Progress. I mentioned previously that our platforms would need to do more than just perform their core missions. The KC-46 is more than just a refueling tanker. It comes complete with the tools needed for operating in future environments, such as satellite communications, tactical datalinks, and threat warning equipment.

Our command is leading the Air Force with a capability gleaned from commercial partnerships known as Conditions Based Maintenance-Plus (CBM+). Combining predictive data analytics with advanced sensing equipment, CBM+ yields higher mission-capable rates as we gain the ability to proactively schedule maintenance repairs on fatiguing parts before they fail, not after.


What it is. In simplest terms, innovation is taking a good idea and refining it by experimentation to put it to use, resulting in improved capability. This definition is intentionally broad to encourage a variety of creative ideas to germinate. Not all ideas survive the experimentation process; however, cultivating ideas—even those that are not implemented—is essential in stimulating more ideas and expanding our thinking. All Airmen who share their ideas and innovative concepts contribute to increased mission capability.

What it looks like. Supportive environments are a critical component for ideas to thrive. As Mobility Airmen you should feel the freedom to voice your ideas to your leadership and explore them through established processes. It is incumbent on our commanders to cultivate this environment and remove obstacles to creative thought as Airmen explore ways to enhance mission capability.

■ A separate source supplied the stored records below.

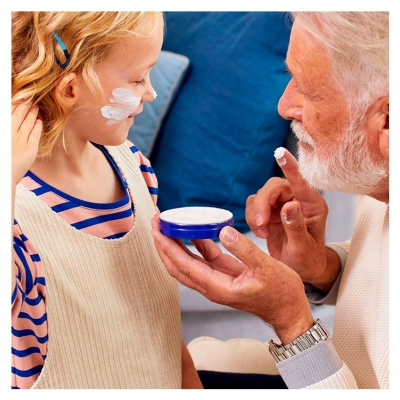 Nivea Kosteusvoide Kasvoille Vartalolle ja Käsille 200 ml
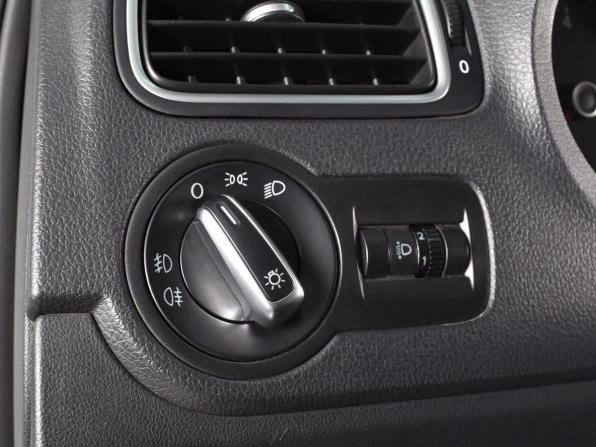 Volkswagen Polo V Рестайлинг с пробегом 2017 года, цена 1 364 995 рублей, 56252 км, седан, Автокод Объявления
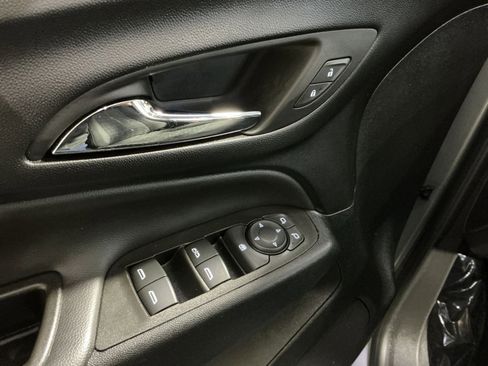Used 2023 Chevrolet Equinox LT image 23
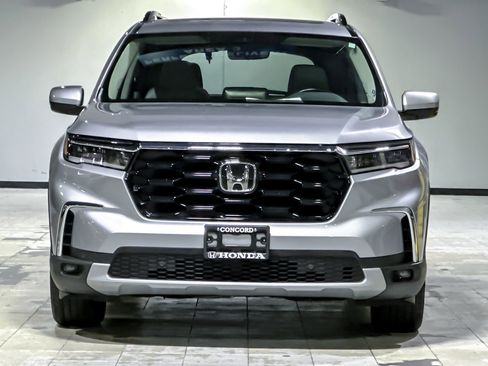 Used 2025 Honda Pilot Touring image 5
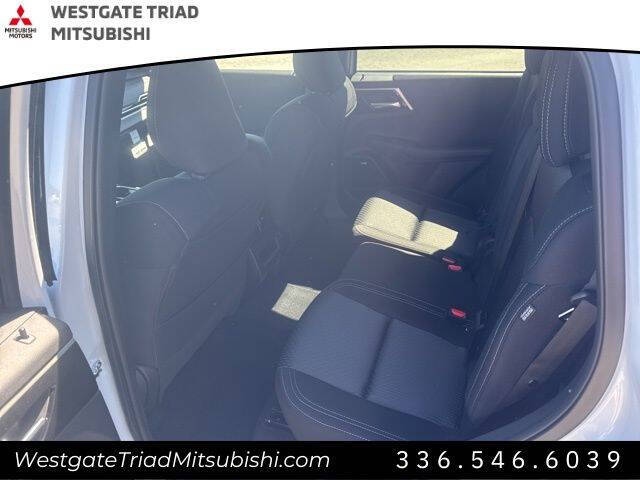 2026 Mitsubishi Outlander ES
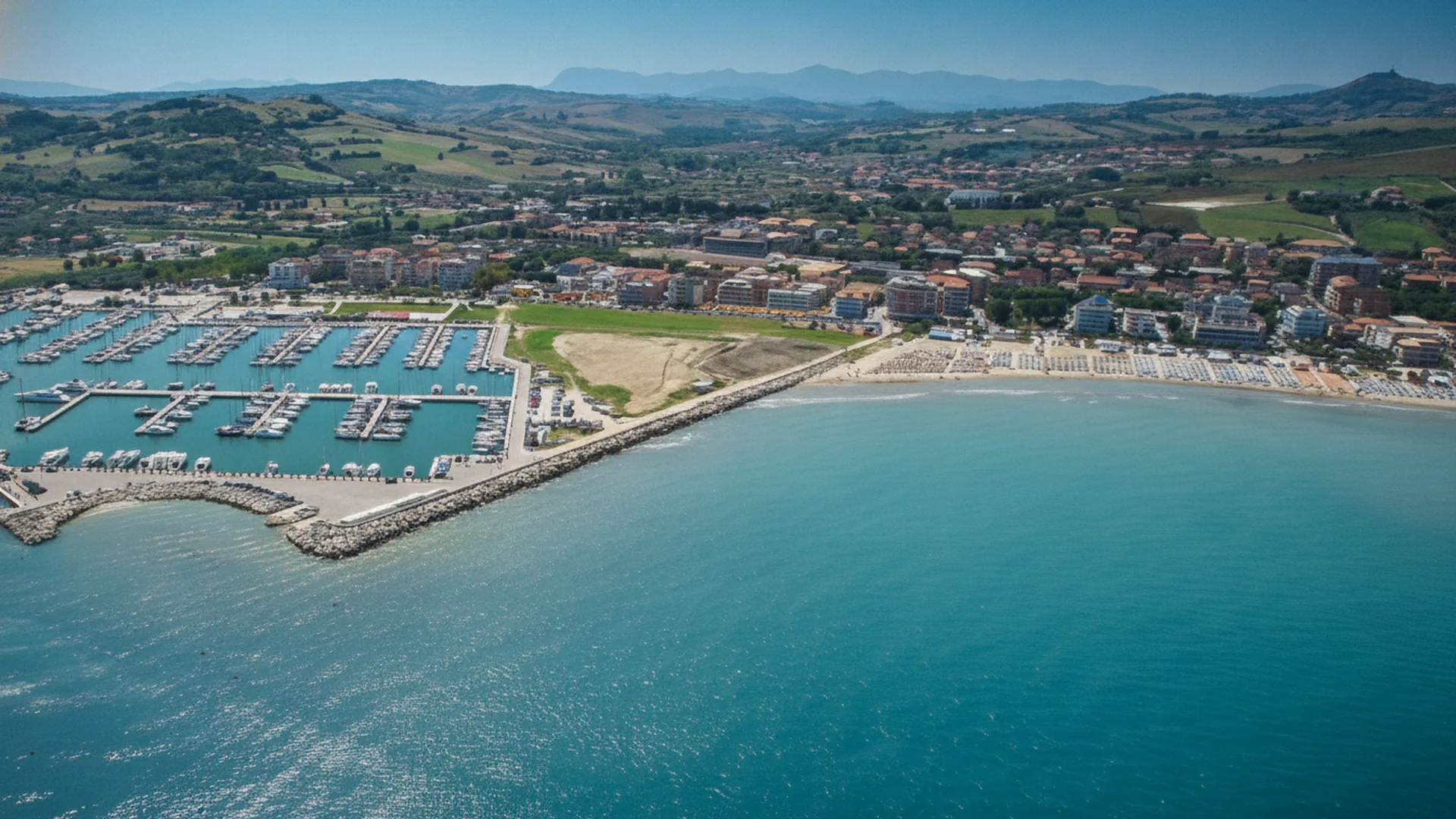 Casa Viale Marconi, Monte San Pietrangeli (Marche)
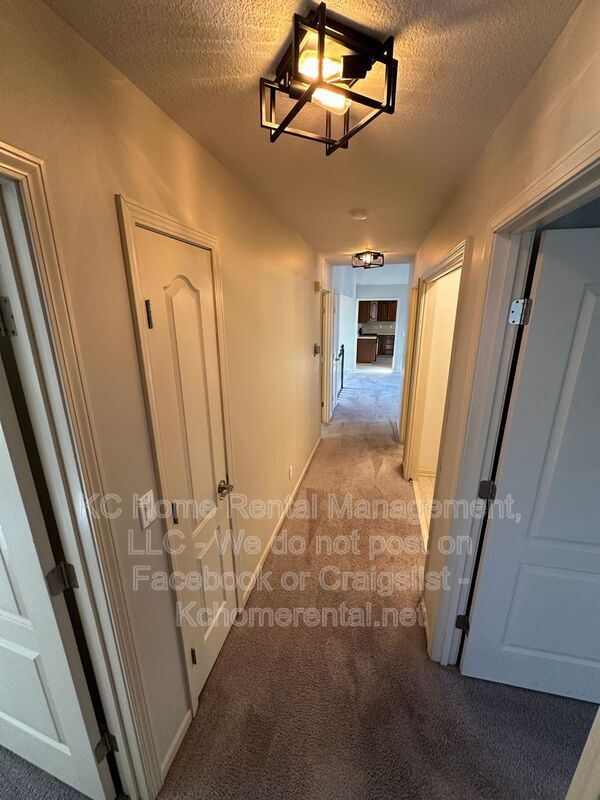 Building Photo - 9802 NW 72nd Terrace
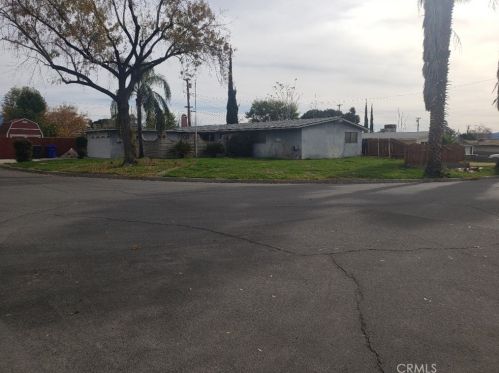 25641 Byron St, San Bernardino, CA 92404-6439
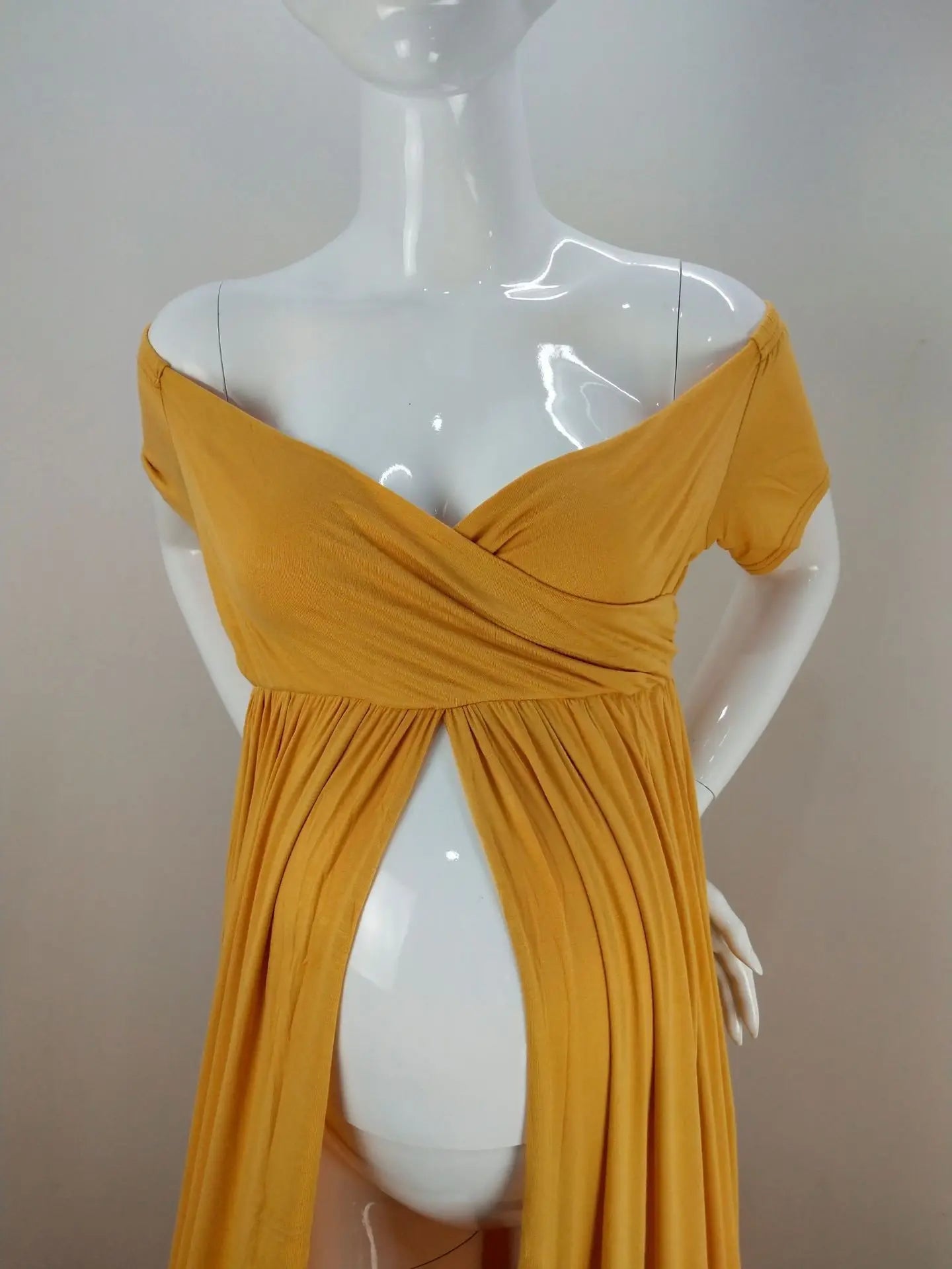 Maternity Drees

As always, our striving to innovate must remain mission-focused because it is our path to increased agility and warfighting readiness.

Progress. Our maintenance community has made use of Augmented Reality devices to increase the rate by which Airmen absorb information. Using artificial but highly realistic environments, they build muscle memory in various aircraft systems through task training without the need to keep an aircraft on the ground.

I am immensely proud of the progress we have made in promoting Airmen-led solutions. Each year at our Phoenix Spark Tank, we bring the top ideas from across the command to compete for prizes on the stage at the Airlift/Tanker Association Convention. Of the 10 finalists since the program’s start three years ago, three Airmen have gone on to represent AMC at the Air Force’s Spark Tank.

Celebrating great ideas does not end with the stage however. Sometimes it does not even start with the stage. Regardless of where an idea places in the Spark Tank, AMC is devoted to pursuing all ideas that bring increased mission effectiveness.

Each of these initiatives represents a significant investment of insight, energy, talent, and time. They bring our enterprise up to speed for the current operating environment and lay the footings for us to build a lethal force for the future. The requirements of tomorrow will be different than today’s. We must seize this momentum and move beyond the incremental next in order to make quantum leaps into the future. The grasp of America’s defense will never exceed the reach of our mobility enterprise. Let us commit to advancing our capabilities faster than anyone thought possible, and as we do, we will deliver unrivaled strength for America’s global reach.

Together, we wear the cloth of our nation and stand for a purpose much more significant than ourselves. We believe in and know the power of serving others, and of bearing the weight of human need, no matter the cost. As Airmen, we succeed. As Airmen, we invest our skills, talents, and lives serving this great nation and each other. As Airmen, we lead from the front, kneel beside those in need, share in the work of our teammates, respect their lives, and honor their contributions.

As Airmen, we are never alone. We are America’s Airmen.